The "lack of overall progress" is "of great concern," said Rep. Niki Tsongas, the House armed services panel's top Democrat, during last week's hearing.
According to Moran, determining the cause of these incidents has been complicated by the fact that "symptoms related to depressurization, tissue hypoxia and contaminant intoxication overlap."
Hypoxia results from deficiency in the amount of oxygen delivered to cells and can induce potentially fatal complications.
The Navy has implemented several procedural measures in an attempt to respond to the rising number of incidents involving the aircraft that makes up the core of its fighter fleet.
This includes additional training for pilots on the dangers of hypoxia and how to recognize symptoms while flying simulator aircraft.
"Moving forward we will continue to fly while applying every resource to solve this challenging problem," said Moran.
Often described as the backbone of naval aviation, the various F-18 aircraft make up most of the service's strike fighter fleet.
The F/A-18 Super Hornet was designed to have a lifespan of roughly 6,000 flight hours
, but today, jets are being stretched to fly between 8,000 and 9,000 hours to fulfill mission expectations as a result of fewer operational aircraft, budget restrictions and delays to the fifth-generation F-35 Joint Strike Fighter.
Late last year, then-President-elect Trump stoked controversy when he said in a tweet that Lockheed Martin's F-35 Joint Strike Fighter -- the Pentagon's flagship fighter program and the most expensive weapons system in history -- could be replaced with a modified version of Boeing's rival aircraft.
"Based on the tremendous cost and cost overruns of the Lockheed Martin F-35 I have asked Boeing to price-out a comparable F-18 Super Hornet!" Trump tweeted.
The Congressional Budget Office estimated in December 2016
that if the Defense Department were to curtail plans to add more F-35s, and instead purchase more Boeing Super Hornets and Lockheed F-16 fighters, taxpayers would save an estimated $29 billion.
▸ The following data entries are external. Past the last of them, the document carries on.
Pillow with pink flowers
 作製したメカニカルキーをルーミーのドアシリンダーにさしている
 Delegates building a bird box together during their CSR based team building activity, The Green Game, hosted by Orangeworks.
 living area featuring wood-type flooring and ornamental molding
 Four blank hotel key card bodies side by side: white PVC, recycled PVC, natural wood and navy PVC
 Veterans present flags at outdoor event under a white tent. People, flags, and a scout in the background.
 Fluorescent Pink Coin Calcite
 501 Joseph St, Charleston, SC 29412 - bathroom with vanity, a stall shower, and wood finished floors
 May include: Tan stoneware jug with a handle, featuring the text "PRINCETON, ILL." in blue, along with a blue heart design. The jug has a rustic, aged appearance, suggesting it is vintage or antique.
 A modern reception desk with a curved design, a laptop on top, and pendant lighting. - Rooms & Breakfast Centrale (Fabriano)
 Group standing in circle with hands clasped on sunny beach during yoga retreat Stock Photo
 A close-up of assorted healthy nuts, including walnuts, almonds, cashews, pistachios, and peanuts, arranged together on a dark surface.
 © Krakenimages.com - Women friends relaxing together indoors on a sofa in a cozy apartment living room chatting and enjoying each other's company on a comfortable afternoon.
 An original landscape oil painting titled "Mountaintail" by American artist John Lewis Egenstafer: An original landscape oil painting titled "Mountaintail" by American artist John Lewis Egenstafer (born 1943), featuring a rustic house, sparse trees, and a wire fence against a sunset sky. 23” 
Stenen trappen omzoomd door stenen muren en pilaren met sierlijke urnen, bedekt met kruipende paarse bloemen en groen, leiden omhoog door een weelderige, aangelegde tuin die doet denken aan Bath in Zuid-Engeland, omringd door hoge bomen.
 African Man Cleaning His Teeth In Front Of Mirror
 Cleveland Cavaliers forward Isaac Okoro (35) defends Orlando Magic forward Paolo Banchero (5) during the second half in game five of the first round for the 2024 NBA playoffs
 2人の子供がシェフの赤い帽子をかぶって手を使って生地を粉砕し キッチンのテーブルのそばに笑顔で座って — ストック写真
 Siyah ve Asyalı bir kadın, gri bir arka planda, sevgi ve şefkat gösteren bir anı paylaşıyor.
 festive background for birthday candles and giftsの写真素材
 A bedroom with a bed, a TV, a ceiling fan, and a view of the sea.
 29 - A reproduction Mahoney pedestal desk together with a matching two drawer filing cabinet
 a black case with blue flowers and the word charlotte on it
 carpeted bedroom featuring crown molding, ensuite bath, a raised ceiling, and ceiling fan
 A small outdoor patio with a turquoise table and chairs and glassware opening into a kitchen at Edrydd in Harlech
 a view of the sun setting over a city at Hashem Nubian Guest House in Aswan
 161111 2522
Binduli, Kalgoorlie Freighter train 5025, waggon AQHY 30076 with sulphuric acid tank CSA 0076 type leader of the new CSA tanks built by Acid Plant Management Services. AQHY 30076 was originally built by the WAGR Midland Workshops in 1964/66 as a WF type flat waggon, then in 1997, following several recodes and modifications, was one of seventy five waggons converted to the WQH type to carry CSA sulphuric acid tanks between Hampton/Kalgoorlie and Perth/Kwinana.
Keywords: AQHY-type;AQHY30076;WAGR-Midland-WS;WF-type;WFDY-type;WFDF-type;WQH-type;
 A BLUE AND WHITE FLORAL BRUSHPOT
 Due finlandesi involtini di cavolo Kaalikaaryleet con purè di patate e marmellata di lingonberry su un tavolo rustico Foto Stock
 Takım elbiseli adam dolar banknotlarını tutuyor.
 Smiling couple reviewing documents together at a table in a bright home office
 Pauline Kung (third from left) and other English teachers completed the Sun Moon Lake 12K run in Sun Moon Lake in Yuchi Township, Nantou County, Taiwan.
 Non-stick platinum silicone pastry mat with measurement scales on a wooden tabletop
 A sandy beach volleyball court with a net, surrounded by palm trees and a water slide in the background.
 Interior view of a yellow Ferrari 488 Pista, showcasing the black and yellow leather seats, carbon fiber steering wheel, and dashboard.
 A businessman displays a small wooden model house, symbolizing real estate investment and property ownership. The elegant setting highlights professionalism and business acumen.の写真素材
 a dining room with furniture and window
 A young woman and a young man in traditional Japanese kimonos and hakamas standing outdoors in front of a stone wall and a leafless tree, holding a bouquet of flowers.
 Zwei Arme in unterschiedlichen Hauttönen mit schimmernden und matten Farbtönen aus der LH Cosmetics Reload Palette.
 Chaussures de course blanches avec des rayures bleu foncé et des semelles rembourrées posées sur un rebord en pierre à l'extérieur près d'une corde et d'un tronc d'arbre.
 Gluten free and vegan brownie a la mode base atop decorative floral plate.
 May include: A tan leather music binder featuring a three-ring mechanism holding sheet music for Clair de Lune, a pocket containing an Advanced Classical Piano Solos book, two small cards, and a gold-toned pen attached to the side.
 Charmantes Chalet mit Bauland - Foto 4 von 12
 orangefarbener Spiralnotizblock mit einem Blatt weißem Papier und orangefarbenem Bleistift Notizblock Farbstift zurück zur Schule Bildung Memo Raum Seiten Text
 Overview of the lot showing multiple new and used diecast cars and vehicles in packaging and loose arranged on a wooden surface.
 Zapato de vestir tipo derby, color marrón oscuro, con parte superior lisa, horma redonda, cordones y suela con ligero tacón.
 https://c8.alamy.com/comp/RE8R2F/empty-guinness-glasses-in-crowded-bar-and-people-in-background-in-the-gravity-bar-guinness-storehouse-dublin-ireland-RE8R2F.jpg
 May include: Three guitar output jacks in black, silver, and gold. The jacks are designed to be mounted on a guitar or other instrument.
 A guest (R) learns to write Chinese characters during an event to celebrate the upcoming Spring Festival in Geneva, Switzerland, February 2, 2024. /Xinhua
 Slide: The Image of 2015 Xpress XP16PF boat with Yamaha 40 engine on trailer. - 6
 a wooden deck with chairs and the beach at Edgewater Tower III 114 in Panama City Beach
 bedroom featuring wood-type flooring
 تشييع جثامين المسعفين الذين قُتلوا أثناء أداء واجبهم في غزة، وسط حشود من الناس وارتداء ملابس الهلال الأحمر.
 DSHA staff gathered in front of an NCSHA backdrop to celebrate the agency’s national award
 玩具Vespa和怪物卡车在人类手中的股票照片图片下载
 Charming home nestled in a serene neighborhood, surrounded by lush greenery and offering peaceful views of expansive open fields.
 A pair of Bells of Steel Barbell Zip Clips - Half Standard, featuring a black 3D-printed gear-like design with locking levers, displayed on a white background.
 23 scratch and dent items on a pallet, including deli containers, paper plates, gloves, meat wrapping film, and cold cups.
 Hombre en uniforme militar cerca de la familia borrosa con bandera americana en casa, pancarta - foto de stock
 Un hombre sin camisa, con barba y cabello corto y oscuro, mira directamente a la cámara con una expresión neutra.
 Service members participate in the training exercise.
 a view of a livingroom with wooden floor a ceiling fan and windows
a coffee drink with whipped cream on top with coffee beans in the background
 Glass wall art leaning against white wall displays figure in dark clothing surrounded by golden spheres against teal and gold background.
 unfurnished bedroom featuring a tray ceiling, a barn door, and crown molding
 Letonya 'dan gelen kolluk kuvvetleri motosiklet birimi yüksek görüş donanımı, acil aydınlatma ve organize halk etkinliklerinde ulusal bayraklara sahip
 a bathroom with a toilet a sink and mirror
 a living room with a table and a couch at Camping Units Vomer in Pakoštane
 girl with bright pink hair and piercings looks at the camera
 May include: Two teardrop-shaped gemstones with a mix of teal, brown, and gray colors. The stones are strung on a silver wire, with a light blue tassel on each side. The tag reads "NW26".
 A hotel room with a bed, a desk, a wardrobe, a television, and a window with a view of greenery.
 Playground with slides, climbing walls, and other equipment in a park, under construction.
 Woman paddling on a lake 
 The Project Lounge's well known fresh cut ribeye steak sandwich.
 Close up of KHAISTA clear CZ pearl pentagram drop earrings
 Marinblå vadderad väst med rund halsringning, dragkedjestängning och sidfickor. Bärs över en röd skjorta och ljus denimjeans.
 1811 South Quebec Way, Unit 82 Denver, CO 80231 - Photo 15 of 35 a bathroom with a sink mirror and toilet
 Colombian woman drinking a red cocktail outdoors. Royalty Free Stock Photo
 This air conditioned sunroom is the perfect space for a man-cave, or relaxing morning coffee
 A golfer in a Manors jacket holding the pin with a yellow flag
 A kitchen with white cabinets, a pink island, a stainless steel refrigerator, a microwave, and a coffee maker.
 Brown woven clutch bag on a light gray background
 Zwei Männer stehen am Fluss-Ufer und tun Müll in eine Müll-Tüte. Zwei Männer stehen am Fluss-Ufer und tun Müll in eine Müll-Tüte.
Defense Secretary James Mattis has commissioned a review of the $400 billion F-35 program
in an effort to cut costs.
But Mattis has also called the F-35 -- a joint Navy, Air Force and Marines program touted as the most lethal and versatile aircraft of the modern era -- "critical" for US air superiority and for its ability to integrate with allies who are buying the jet.
The US Navy is already considering the purchase of 10 to 15 additional Boeing-made Super Hornets annually through 2020 because of delays in getting the F-35C model used on aircraft carriers.
Boeing, which has continuously updated the Super Hornet with new electronics, bigger fuel tanks and new stealthy features, has pitched the Navy jet as a more affordable alternative to the F-35.
Currently, only the Navy operates the Super Hornet.
Trump asked Congress for an additional $13.5 billion this year to, in part, build and modernize additional F-35s and F/A-18s.
The Navy estimates a portion of their current F/A-18 fleet will remain in use through 2030.